For the given pair of equations, give the slopes of the lines, and then determine whether the two lines are parallel, perpendicular, or neither. \( \begin{array}{l}2 x+5 y=2 \\ 4 x+10 y=1\end{array} \) Select the correct choice below and, if necessary, fill in the answer box to complete your choice. A. The slope of \( 2 x+5 y=2 \) is (Type an integer or a simplified fraction.) B. The slope of \( 2 x+5 y=2 \) is undefined.

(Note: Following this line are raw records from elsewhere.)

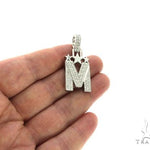 Diamond Initial M Pendant 63962 - Image 5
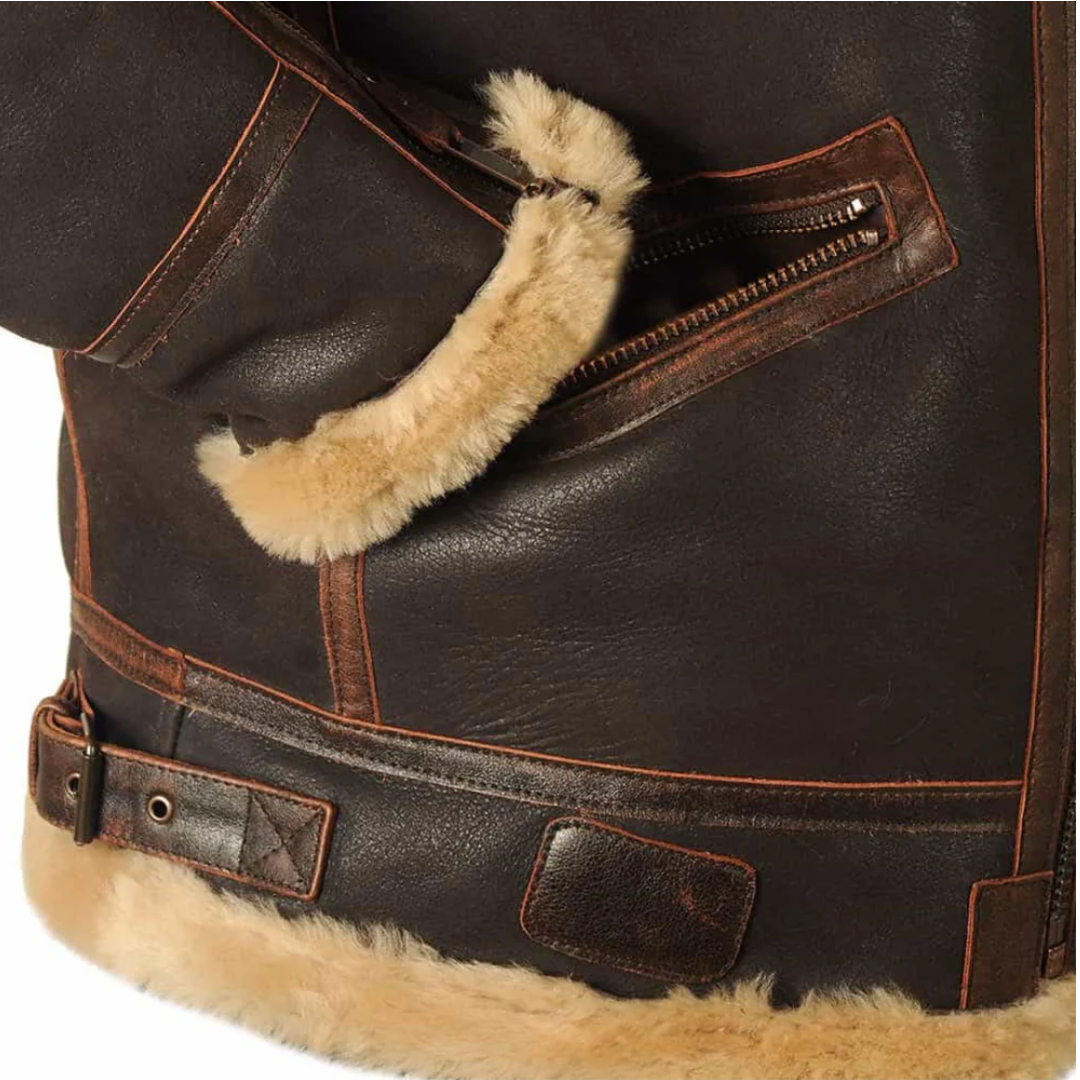 Luis | Chaqueta Aviador Premium
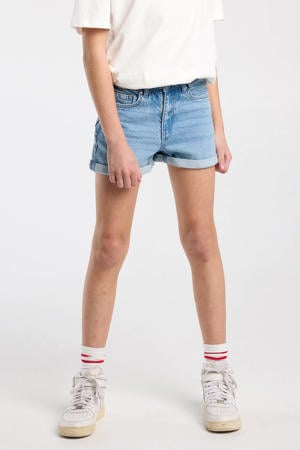 denim short medium blue denim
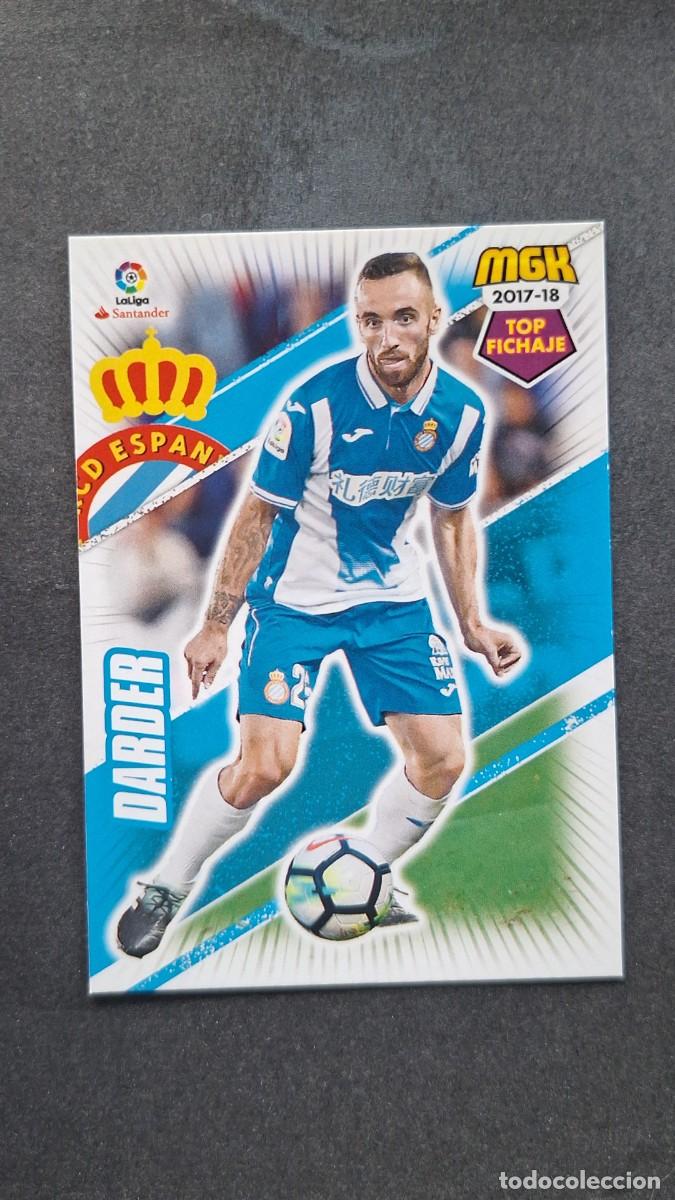 Cromos de f&uacute;tbol: L1 DARDER R. C. D. ESPA&Ntilde;OL 237 TOP FICHAJE PANINI MEGACRACKS 2017 2018 17 18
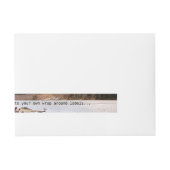 créer votre propre enveloppe autour des étiquettes (Devant)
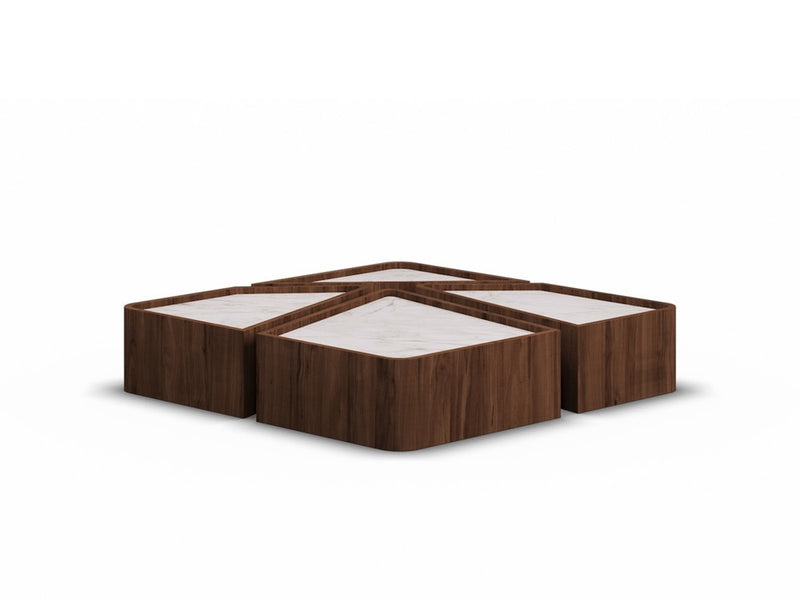 MA.TI Coffee Table Set — 1200*1200 mm / White Marble
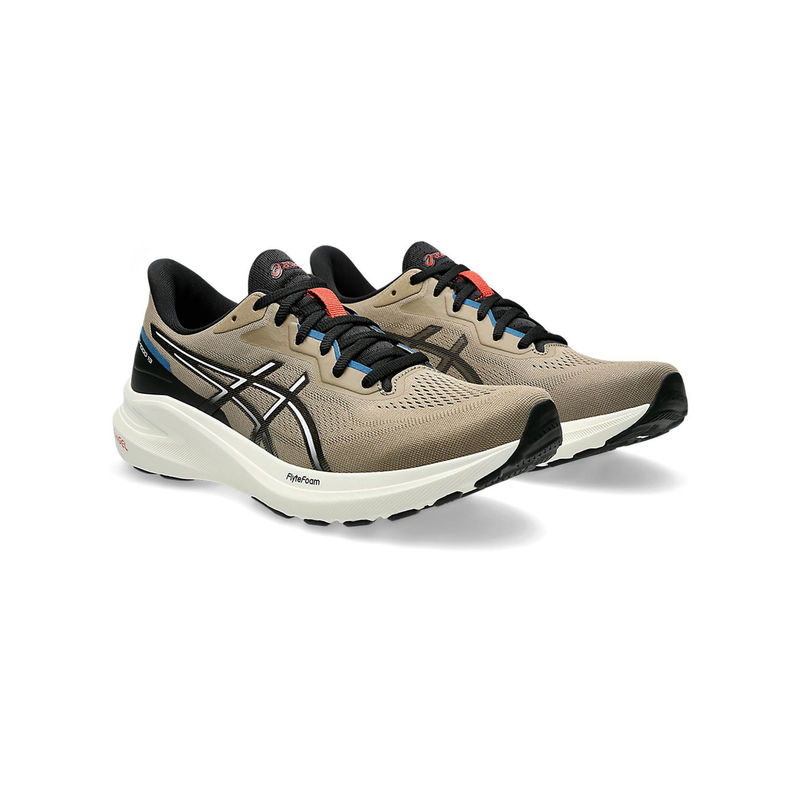 ASICS Men Gt-1000 13 Brown/White Running Shoes (UK 8)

To find the slopes of the given lines, we first need to rewrite both equations in slope-intercept form (y = mx + b), where m is the slope. For the first equation, \( 2x + 5y = 2 \): 1. Rearranging gives us \( 5y = -2x + 2 \). 2. Dividing all terms by 5 results in \( y = -\frac{2}{5}x + \frac{2}{5} \). The slope of the first line is \( -\frac{2}{5} \). For the second equation, \( 4x + 10y = 1 \): 1. Rearranging gives us \( 10y = -4x + 1 \). 2. Dividing all terms by 10 results in \( y = -\frac{2}{5}x + \frac{1}{10} \). The slope of the second line is also \( -\frac{2}{5} \). Since both slopes are equal, the lines are parallel. A. The slope of \( 2x + 5y = 2 \) is \( -\frac{2}{5} \). B. The slope of \( 4x + 10y = 1 \) is also \( -\frac{2}{5} \). Thus, the lines are parallel!